Exploration and achievement were also written on that magic slate and are represented in the exhibition: Auguste-Rosalie Bisson and his party climbed Mont Blanc in 1864, lugging an enormous box camera, glass plate negatives, and bottles of photographic chemicals to document their ascent and the view from the summit; less triumphantly but more poignantly, Robert Peary recorded himself, his ship, and the icy northern landscape 30 years later during a failed attempt to reach the North Pole. William Mayfield caught Orville Wright at the controls of a Wright Model E in 1913, and Mieczyslaw Berman made a modernist collage in 1927 celebrating Charles Lindbergh's transatlantic crossing. Photographs in the exhibition also evoke moments of struggle, tragedy, and war that have shaped our world. One image shows the Lincoln funeral train along the curved tracks of the Philadelphia train station as it bore the fallen president home to Illinois, while another, by Alexander Gardner, shows the Lincoln assassination conspirators under guard at the gallows, moments before their execution. Only in the 20th century, with hand-held cameras and fast exposures, could photographers truly work in the midst of battle, and Robert Capa's Falling Loyalist Soldier (1936) is the iconic image of a soldier's sacrifice. Other photographs in the exhibition capture Hitler leaving the Landsberg Prison in 1924, Mussolini giving orders to the commander of the Fascist militia in 1931, and De Gaulle triumphantly re-entering a liberated Paris in 1944.
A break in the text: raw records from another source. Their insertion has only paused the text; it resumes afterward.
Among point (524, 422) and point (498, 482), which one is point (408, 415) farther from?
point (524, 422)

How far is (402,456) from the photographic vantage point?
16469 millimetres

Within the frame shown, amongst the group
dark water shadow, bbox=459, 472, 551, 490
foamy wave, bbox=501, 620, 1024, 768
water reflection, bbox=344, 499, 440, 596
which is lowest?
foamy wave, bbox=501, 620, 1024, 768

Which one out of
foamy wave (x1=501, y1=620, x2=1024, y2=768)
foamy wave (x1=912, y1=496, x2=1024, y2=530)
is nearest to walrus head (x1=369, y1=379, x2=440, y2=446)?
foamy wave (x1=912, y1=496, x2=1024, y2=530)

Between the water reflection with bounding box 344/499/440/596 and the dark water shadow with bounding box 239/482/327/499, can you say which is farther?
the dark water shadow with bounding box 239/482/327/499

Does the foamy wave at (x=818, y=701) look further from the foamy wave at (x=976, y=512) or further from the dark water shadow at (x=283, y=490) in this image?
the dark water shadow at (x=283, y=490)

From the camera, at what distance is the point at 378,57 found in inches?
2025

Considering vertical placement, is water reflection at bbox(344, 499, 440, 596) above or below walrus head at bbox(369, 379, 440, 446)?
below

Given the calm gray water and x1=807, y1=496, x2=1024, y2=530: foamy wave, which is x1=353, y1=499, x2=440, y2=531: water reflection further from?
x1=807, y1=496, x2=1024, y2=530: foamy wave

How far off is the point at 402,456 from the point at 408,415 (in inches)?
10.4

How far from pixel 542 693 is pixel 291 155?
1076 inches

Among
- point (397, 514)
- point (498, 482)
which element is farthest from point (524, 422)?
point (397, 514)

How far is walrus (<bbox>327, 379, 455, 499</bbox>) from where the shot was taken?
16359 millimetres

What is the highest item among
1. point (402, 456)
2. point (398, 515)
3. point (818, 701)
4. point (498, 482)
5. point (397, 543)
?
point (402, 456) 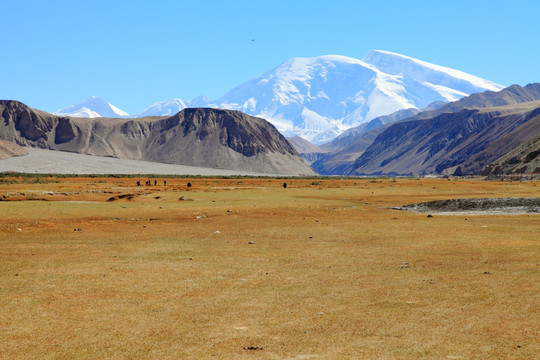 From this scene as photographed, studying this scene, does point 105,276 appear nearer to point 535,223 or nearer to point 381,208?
point 535,223

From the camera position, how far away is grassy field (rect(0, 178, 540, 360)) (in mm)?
11055

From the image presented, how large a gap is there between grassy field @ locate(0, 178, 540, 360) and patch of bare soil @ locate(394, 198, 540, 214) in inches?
494

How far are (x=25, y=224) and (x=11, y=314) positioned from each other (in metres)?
19.2

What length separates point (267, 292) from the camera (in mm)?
15781

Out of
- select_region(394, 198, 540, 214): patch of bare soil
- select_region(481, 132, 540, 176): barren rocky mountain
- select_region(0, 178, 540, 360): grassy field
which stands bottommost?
select_region(0, 178, 540, 360): grassy field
As It Happened also celebrates modern man's pastimes and flights of fancy. The camera goes fox hunting in Italy and does the foxtrot in Russia, watches Nijinsky leap and accompanies Picasso to a costume ball. It makes palpable the 20th century's passion for speed in Jacques-Henri Lartigue's The Grand Prix of the A.C.F., and in such photographs as Anton Bragaglia's Change of Position or Harold Edgerton's Drop of Milk, photography makes visible that which the eye itself cannot perceive.

As It Happened is an engaging display of photography's role in our collective understanding of the past. More than mere aide-mémoires, the works of art on view transport us to places and times that we otherwise could not know, making visible our past as it happened, and eternalizing instants that lie beneath the surface of recollection.
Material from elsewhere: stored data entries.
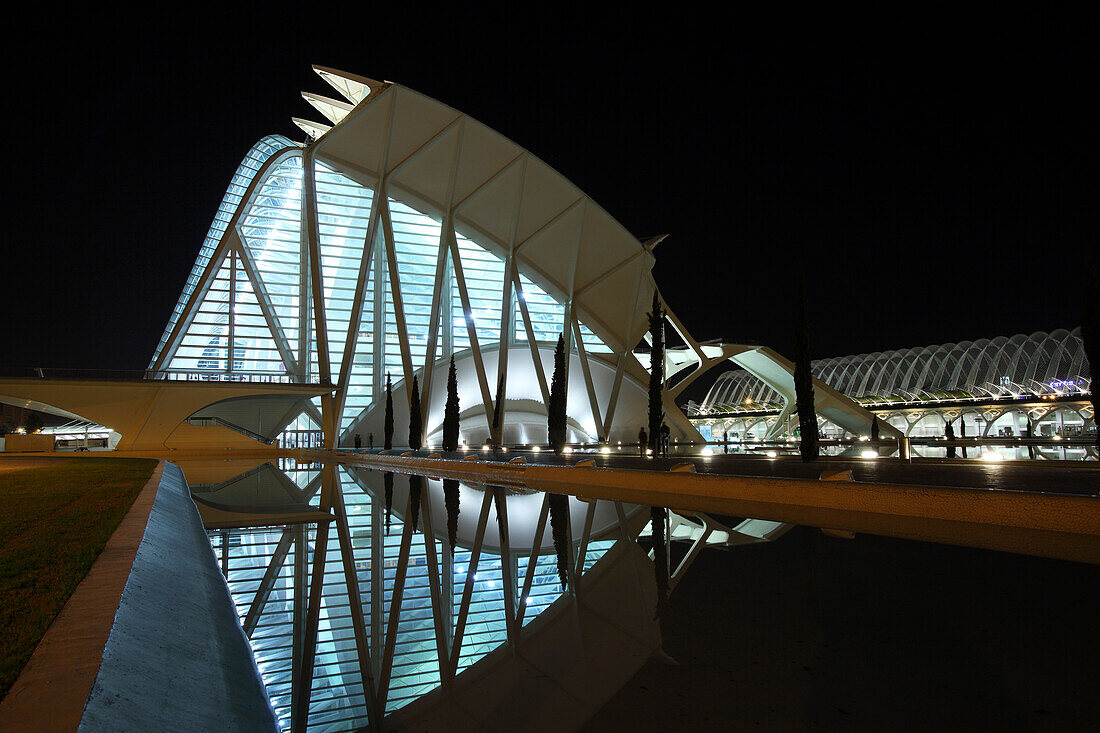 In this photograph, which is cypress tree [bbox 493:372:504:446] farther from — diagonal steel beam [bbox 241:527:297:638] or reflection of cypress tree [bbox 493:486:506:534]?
diagonal steel beam [bbox 241:527:297:638]

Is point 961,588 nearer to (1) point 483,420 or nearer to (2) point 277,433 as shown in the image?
(1) point 483,420

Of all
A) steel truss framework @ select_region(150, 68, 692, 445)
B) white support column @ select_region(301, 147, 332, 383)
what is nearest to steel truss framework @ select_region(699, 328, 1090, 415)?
steel truss framework @ select_region(150, 68, 692, 445)

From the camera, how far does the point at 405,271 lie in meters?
41.2

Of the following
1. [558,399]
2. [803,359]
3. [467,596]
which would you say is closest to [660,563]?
[467,596]

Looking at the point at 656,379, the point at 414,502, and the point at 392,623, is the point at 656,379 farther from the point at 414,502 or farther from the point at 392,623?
the point at 392,623

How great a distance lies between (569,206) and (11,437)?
29.9 m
As It Happened is organized by Malcolm Daniel, Associate Curator and Administrator, and Lisa Hostetler, Research Associate, both of the Museum's Department of Photographs, with Pierre Apraxine, Curator of the Gilman Paper Company Collection.

Mr. Daniel and Ms. Hostetler will lead gallery talks of the exhibition on Friday, May 24 and Friday June 14 at 3:00 p.m.; Wednesday, July 3 at 11 a.m.; Friday, July 12 and Friday, July 26 at 3:00 p.m.; and Friday, August 16 at 11:00 a.m.